According to the preferred embodiment of the invention, the work to be protected is digitized into a data file or string of data. A first digital watermark is then inserted in a first copy of the data file, preferably in a critical region of the data. A "critical" region may consist of the entire document or alternatively will be some valuable portion of the work that will end up being significantly corrupted if the watermark is corrupted. A second digital watermark is then inserted in a second copy of the data file in a similar manner, and the process is repeated for additional copies. According to the invention, the first and second digital watermarks are slight variations of a "baseline" watermark which is kept secret, and one cannot perceive any differences between the first

and second copies due to these variations. The baseline watermark may be a digital string that is part of the original data being protected. Preferably, the variations are "randomized" in such a manner that if two persons were to collude to attempt to create an "illicit" copy of the work (i.e., a copy without a watermark), at least one of the first or second watermarks would still be present in the copy. After the watermark is inserted into the work, the work can be converted back to its original form.

Thus, the scheme ensures that different possessors of watermarked copies of a work cannot create a "clean" copy that does not include at least one of the slightly-modified watermarks. Indeed, by comparing the watermark of the illicit copy with the baseline watermark, one can determine the identity of the forger.

Although not meant to be limiting, preferably the "variations" are generated using a "random" offset, and in particular a "normal distribution." BRIEF DESCRIPTION OF THE DRAWINGS For a more complete understanding of the present invention and the advantages thereof, reference should be made to the following Detailed Description taken in connection with the accompanying drawings in which: FIGURE 1 is a block diagram illustrating the method of inserting a digital watermark into a copy; and FIGURE 2 is a block diagram illustrating the method for retrieving a digital watermark from a copy and correlating the retrieved watermark with a stored watermark.

DETAILED DESCRIPTION According to the invention, the work to be protected may be an image (photographs and graphics), video and/or audio (speech and music). The particular type of work is not relevant to the invention. Referring now to FIGURE 1, the work, in whatever form, is digitized at step 10 into a data file or string of data either as part of the inventive technique or through some known ND preprocessing. In the invention, there is a "baseline" watermark that is

preferably stored and not used in making a particular copy of the work (although this step is not necessarily required). This baseline watermark is then processed to create a set of one or more "modified" watermarks, each of which is related to the baseline watermark in a predetermined manner.

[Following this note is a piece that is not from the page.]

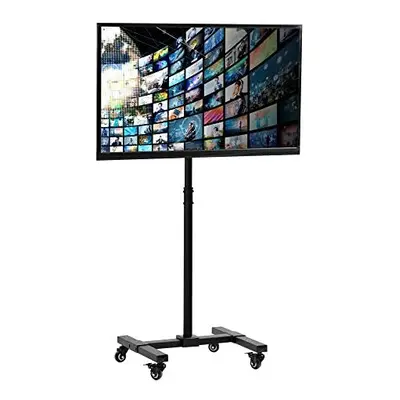 VIVO Mobile TV Display Stand for to inch LED LCD Flat Panel Screens, Rolling Floor Stand Height 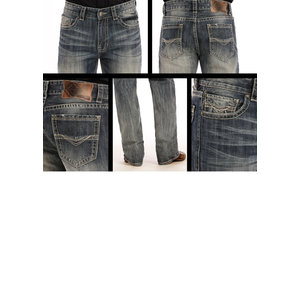Rock and Roll Denim Relaxed Straight- Double Barrel in Medium Vintage M0S1437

Preferably, the "offsets" needed to create the modified watermarks are not fixed, however, but are "randomized." In this way, a very small amount of "noise" is added to the offsets that does not alter the perception of the watermarked copies but still ensures that possessors of such copies cannot collude to remove all existence of the watermark in at least one illicit copy.

In general, collusion-type attacks are prevented according to the invention by constructing a watermark using randomness in a specific way.

Preferably, an n-length digital string: x1,x2 ...,xn is derived at step 12 from the data to be watermarked and stored at step 14 for future reference. This may be referred to as the "baseline" watermark. The string is preferably "critical" to the data in that corruption of the string will corrupt the data in a way that can be perceived and which will diminish the value of the corrupted document.

Generation of the baseline watermark can be achieved in many ways, e.g., by digitizing some portion of the document and using the resulting data or some subset thereof. (Whatever method is used is also used in the verification process, as discussed below). An n-length watermark vector w1,w2, ...wn, is then created at step 16 and stored at step 18 for future reference. The vector is preferably created by choosing each wi from a specified random distribution (preferably the normal distribution). The random distribution used for each w1 may or may not be the same (e.g., depending on whether it is desired to embed some specific serial number data in the watermark). The watermark vector is then added at step 20 to the string x1,x2, ..., xn, and the result reinserted at step 22 into the original data to be protected. The work may then be converted back to its original form (image, video, audio, etc.) at step 24.

Assume it is now desired to retrieve the watermark from a copy D'. This can be accomplished, as shown generally in FIGURE 2, by digitizing the copy

D' at step 30 and then computing at step 32 the derived values x,',x2', .. using the same algorithm used to compute the baseline watermark. Then, the method proceeds at step 34 by retrieving the original base line watermark x1,x2, ...xn, from memory and subtracting out x1,x2, ...xn from x',x2', ...xn' to compute a derived watermark w1',w2', ...wn' at step 36. A correlation value (preferably an inner product) is then calculated between the derived watermark and w1,w2, ... Wn, retrieved at step 38, to produce a correlation value at step 40 The correlation value is compared at step 42 to threshold levels, and if the correlation is high (step 44), then there is a match and a watermark is present.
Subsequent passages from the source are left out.